Regiane aponta que a Imobiliária Albuquerque, onde trabalha, tem dificuldades em vender imóveis localizados nos Conjuntos Maria Cecília e Aquiles Sthenghel Guimarães, ambos na Zona Norte, onde existem invasões. Ali, a desvalorização imobiliária chega a 30% em casas a um ou dois quarteirões das áreas ocupadas irregularmente.
''Essa é uma situação nacional, que envolve políticas de segurança e habitação'', afirma o corretor Antenor Pinto Boeira, que descreve que em bairros próximos a favelas e invasões o valor de mercado dos imóveis chega a cair até 40% em relação a imóveis de padrão semelhante em outras regiões. ''A solução depende das autoridades, porque o imobiliarista não pode fazer muito para tornar esses imóveis mais atraentes''.
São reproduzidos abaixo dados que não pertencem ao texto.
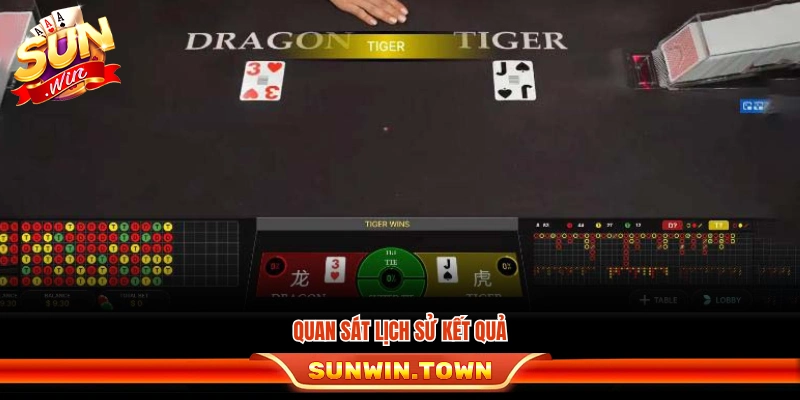 Theo dõi lịch sử kết quả để nhận diện xu hướng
O presidente da Cohab, Carlos Eduardo de Afonseca e Silva, afirma que agora que o órgão público retomou os investimentos, as invasões não serão mais toleradas. ''Vamos regularizar a situação das pessoas que estão em áreas ocupadas. A partir do momento em que estas famílias que estão há dez, onze anos em fundos de vale forem remanejadas, os imóveis (das cercanias) devem recuperar seu valor de mercado'', explica. Esta semana, a Caixa Econômica Federal (CEF) e a Prefeitura assinaram convênio para a construção de 80 casas na Zona Norte. Outras obras devem ser liberadas até o final do ano.